Saved entries
↓↓↓

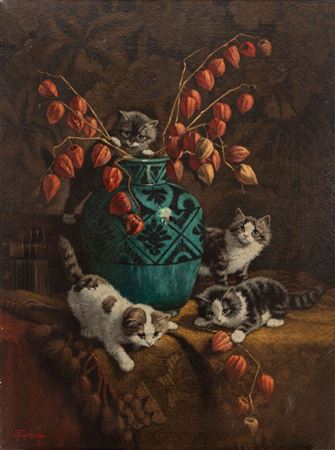 Four kittens by flower vase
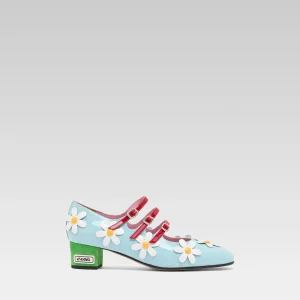 Daisy K - Escarpins babies cuir verni bleu clair et marguerites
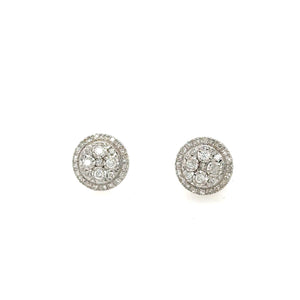 14K White Gold Cluster Post Earrings Studs with .56 Carat Diamonds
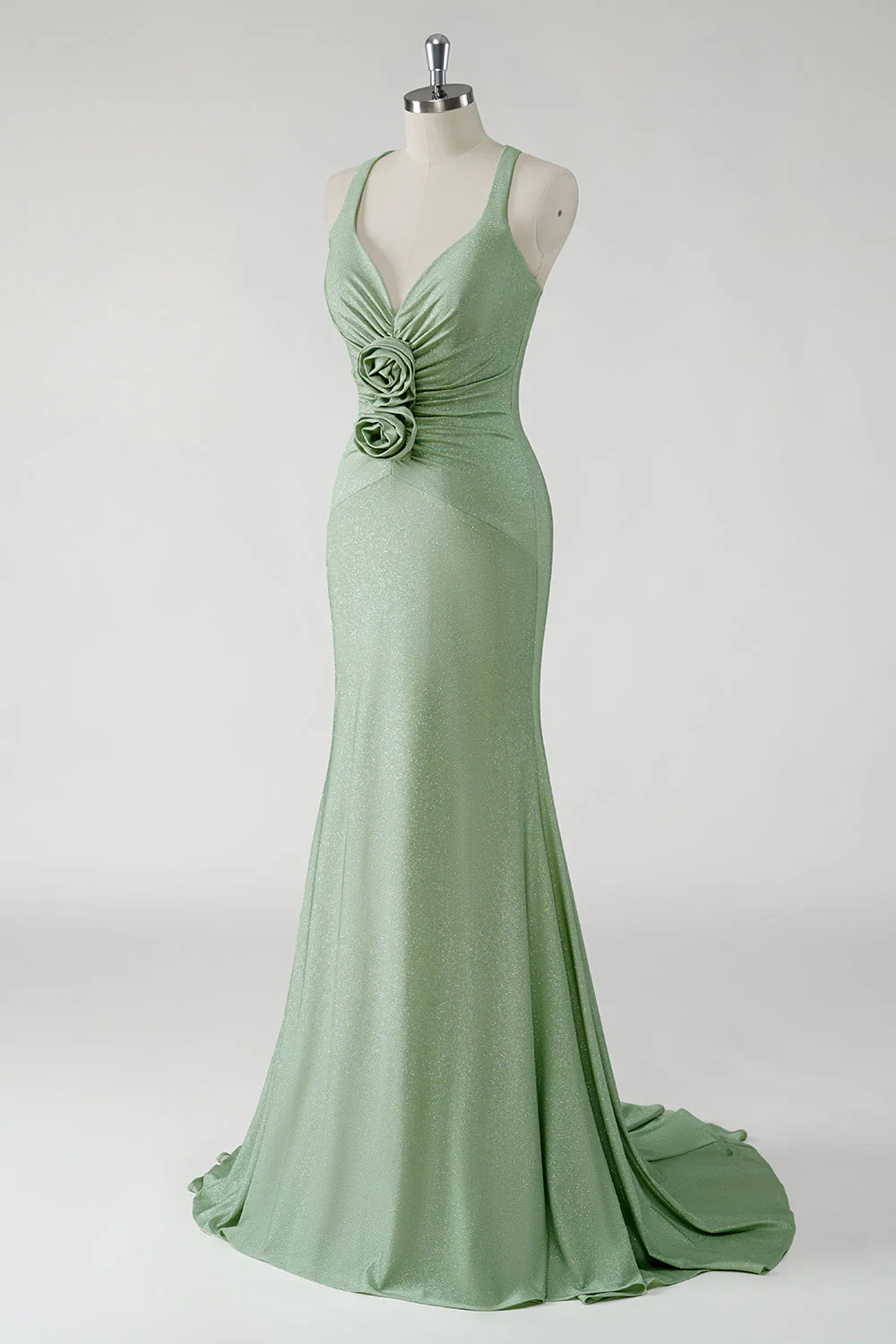 Sparkly Sheath Green Long Prom Dress with 3D Flowers - Image 3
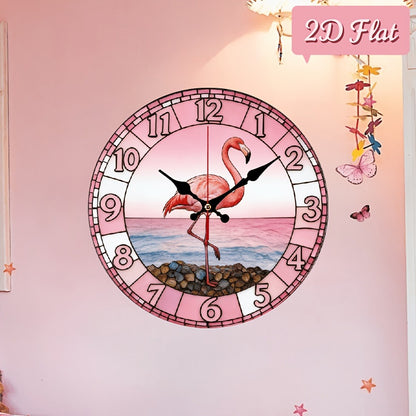 Pink Flamingo Beach Wall Clock - Silent Non-Ticking 10-Inch Design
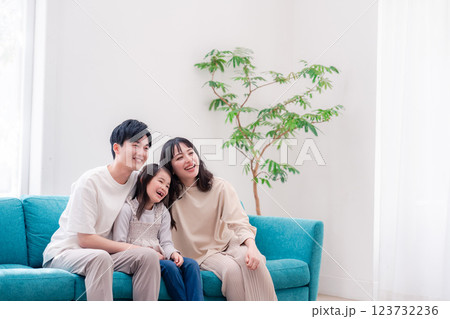 リビングでみんなでテレビを見るファミリー 123732236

↑↑↑

**Exercise:**
Leaving pictures aside, write out each record above exactly as given.

**Output:**
 Four kittens by flower vase
 Daisy K - Escarpins babies cuir verni bleu clair et marguerites
 14K White Gold Cluster Post Earrings Studs with .56 Carat Diamonds
 Sparkly Sheath Green Long Prom Dress with 3D Flowers - Image 3
 Pink Flamingo Beach Wall Clock - Silent Non-Ticking 10-Inch Design
 リビングでみんなでテレビを見るファミリー 123732236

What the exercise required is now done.